The main diagonal is defined by Euler's polynomial $F(n) = n^2+n+41$, and yields distinct primes for 40 consecutive $n = 0\,\text{to}\,39$.

If we let $c = 3527$ as in this old sci.math post, we get,

$$\begin{array}{cccccccc} \color{blue}{3569}&3570&3571&3572&3573&3574&\to\\ 3568&\color{red}{3547}&3548&3549&3550&3551&3552\\ 3567&3546&\color{red}{3533}&3534&3535&3536&3553\\ 3566&3545&3532&\color{red}{\small{c=\,}3527}&3528&3537&3554\\ 3565&3544&3531&3530&\color{red}{3529}&3538&3555\\ 3564&3543&3542&3541&3540&\color{red}{3539}&3556\\ 3563&3562&3561&3560&3559&3558&\color{red}{3557}&\downarrow\\ \end{array}$$

The polynomial is $G(n) = 4n^2-2n+3527$ and is prime for 23 consecutive $n = -2\,\text{to}\,20$. Its square-free discriminant is $d = -14107$ and has class number $h(d) = 11$. This is the 3rd largest (in absolute value) with that $h(d)$. The blue number, $G(-3)=3569$ is not prime.

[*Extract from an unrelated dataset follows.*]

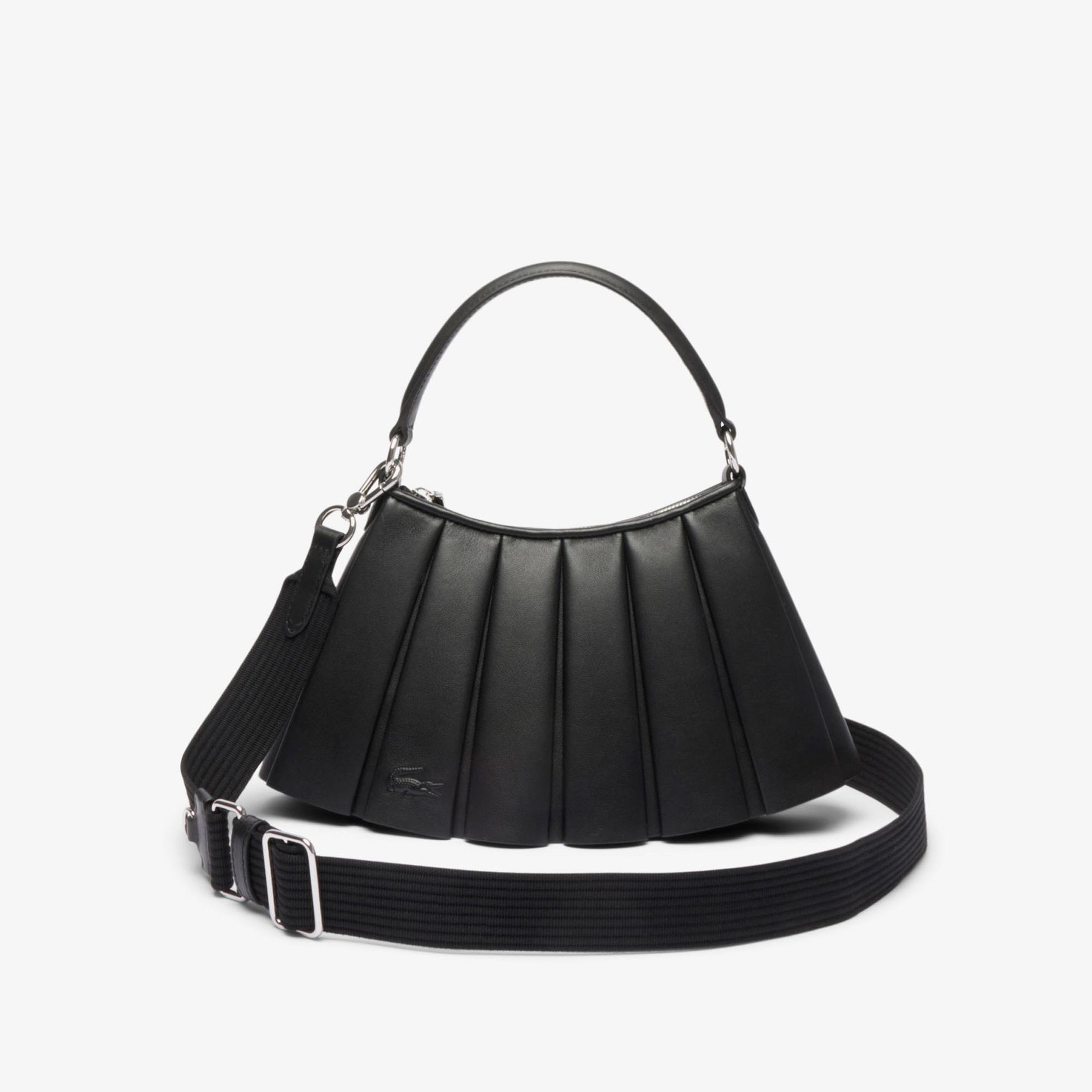 Lacoste Small Lenglen Kadın Deri Siyah Omuz Çantası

Question: For $F(n) = n^2+n+p$, the record is held by Euler's polynomial. For the form $G(n) = 4n^2\pm 2n+p$, is there a better one?

P.S. Other polynomials such as $F(n) = 6n^2+6n+31$ are prime for $n=0\,\text{to}\,28$, but are not diagonals in the Ulam spiral.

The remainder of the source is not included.